A cambio de este fluir costumbrista, la novela peca de lo mismo que algunas de las de Camilleri —algo que no le pasaba casi nunca al modelo que a su vez guiaba al italiano, Vázquez Montalbán—: una cierta endeblez en el aspecto puramente detectivesco del relato. La forma en que se resuelve el misterio puede ligarse de manera directa a una corazonada de Caldas, apoyada en la investigación sobre el uso de un producto de consumo bastante cotidiano como el formol, que se emplea como agente asesino. Dado que la lejía utilizada de la manera en que se hace en la novela produciría efectos similares, y que puede comprarse formol casi en cualquier droguería un poco grande, puede entenderse que la línea de investigación seguida al respecto con éxito por Caldas resulte un tanto inverosímil.

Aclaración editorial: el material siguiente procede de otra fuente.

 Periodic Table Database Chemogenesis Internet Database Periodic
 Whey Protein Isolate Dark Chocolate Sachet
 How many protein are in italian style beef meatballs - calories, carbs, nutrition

Salvo su resolución, el desarrollo caso en sí, por lo demás, resulta bastante interesante. Se sigue la muerte de un saxofonista, integrante de un grupo de jazz y profesor, en circunstancias francamente macabras. El caso llevará a los investigadores a los ambientes homosexuales de Vigo, descritos sin sensacionalismo, y nos permitirá conocer a algún secundario con potencial para posterior desarrollo. Libro en sí poco ambicioso, Ojos de agua (que hace referencia al color de los ojos de la víctima) está escrito con un estilo funcional pero solvente, se cierra con un sentimiento de satisfacción, y deja el decidido deseo de conocer posteriores aventuras de Caldas, para las cuales esperemos que Villar depure las debilidades de esta primera novela.
Es una buena entrada en el género, creo, la de este autor.